Assignment - Using the data that follows, return exactly the lines from the one that contains "2007 Ford Mustang" through the one that contains "14K Weißgold 1/4ct.", ends included.

--- Information provided ---

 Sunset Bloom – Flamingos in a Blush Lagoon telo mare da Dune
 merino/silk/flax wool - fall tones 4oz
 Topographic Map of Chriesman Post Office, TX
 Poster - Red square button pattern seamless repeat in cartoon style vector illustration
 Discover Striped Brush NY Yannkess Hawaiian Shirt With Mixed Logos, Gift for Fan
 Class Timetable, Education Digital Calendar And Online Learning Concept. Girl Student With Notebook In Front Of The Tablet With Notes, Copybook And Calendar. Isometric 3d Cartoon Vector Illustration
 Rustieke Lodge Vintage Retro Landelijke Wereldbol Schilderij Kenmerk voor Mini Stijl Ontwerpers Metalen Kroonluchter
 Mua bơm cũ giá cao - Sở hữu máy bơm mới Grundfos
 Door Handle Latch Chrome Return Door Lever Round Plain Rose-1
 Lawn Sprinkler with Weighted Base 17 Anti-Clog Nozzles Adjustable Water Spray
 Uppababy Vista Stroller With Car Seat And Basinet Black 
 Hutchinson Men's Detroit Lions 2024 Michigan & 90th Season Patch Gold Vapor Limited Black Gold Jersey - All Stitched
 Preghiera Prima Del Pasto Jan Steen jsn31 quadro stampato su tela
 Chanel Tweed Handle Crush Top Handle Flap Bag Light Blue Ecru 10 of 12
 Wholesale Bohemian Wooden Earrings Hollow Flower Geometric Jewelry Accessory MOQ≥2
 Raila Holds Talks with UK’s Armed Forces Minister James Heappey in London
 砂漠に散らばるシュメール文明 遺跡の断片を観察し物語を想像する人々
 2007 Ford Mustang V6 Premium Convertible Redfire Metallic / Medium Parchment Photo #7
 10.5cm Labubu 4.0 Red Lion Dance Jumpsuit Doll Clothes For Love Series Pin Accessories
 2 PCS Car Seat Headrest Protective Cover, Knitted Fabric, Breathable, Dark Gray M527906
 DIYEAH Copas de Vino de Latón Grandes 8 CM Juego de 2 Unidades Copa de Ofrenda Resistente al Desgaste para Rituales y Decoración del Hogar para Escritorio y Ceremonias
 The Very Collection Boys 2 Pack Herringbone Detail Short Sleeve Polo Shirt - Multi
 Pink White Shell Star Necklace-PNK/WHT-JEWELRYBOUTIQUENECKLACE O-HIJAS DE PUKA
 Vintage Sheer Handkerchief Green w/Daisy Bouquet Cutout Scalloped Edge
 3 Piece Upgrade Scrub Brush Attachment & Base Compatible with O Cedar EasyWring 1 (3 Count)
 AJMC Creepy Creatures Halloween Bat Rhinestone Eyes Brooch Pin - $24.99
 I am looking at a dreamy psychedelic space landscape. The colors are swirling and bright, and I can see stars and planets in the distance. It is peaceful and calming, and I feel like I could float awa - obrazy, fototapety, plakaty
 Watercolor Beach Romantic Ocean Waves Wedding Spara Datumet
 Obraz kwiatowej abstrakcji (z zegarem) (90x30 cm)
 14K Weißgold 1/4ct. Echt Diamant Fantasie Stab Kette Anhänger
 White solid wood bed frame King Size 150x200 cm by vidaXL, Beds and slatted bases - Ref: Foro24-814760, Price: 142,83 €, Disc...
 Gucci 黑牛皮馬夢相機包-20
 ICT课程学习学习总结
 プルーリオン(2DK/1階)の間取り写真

---

Reply -
 2007 Ford Mustang V6 Premium Convertible Redfire Metallic / Medium Parchment Photo #7
 10.5cm Labubu 4.0 Red Lion Dance Jumpsuit Doll Clothes For Love Series Pin Accessories
 2 PCS Car Seat Headrest Protective Cover, Knitted Fabric, Breathable, Dark Gray M527906
 DIYEAH Copas de Vino de Latón Grandes 8 CM Juego de 2 Unidades Copa de Ofrenda Resistente al Desgaste para Rituales y Decoración del Hogar para Escritorio y Ceremonias
 The Very Collection Boys 2 Pack Herringbone Detail Short Sleeve Polo Shirt - Multi
 Pink White Shell Star Necklace-PNK/WHT-JEWELRYBOUTIQUENECKLACE O-HIJAS DE PUKA
 Vintage Sheer Handkerchief Green w/Daisy Bouquet Cutout Scalloped Edge
 3 Piece Upgrade Scrub Brush Attachment & Base Compatible with O Cedar EasyWring 1 (3 Count)
 AJMC Creepy Creatures Halloween Bat Rhinestone Eyes Brooch Pin - $24.99
 I am looking at a dreamy psychedelic space landscape. The colors are swirling and bright, and I can see stars and planets in the distance. It is peaceful and calming, and I feel like I could float awa - obrazy, fototapety, plakaty
 Watercolor Beach Romantic Ocean Waves Wedding Spara Datumet
 Obraz kwiatowej abstrakcji (z zegarem) (90x30 cm)
 14K Weißgold 1/4ct. Echt Diamant Fantasie Stab Kette Anhänger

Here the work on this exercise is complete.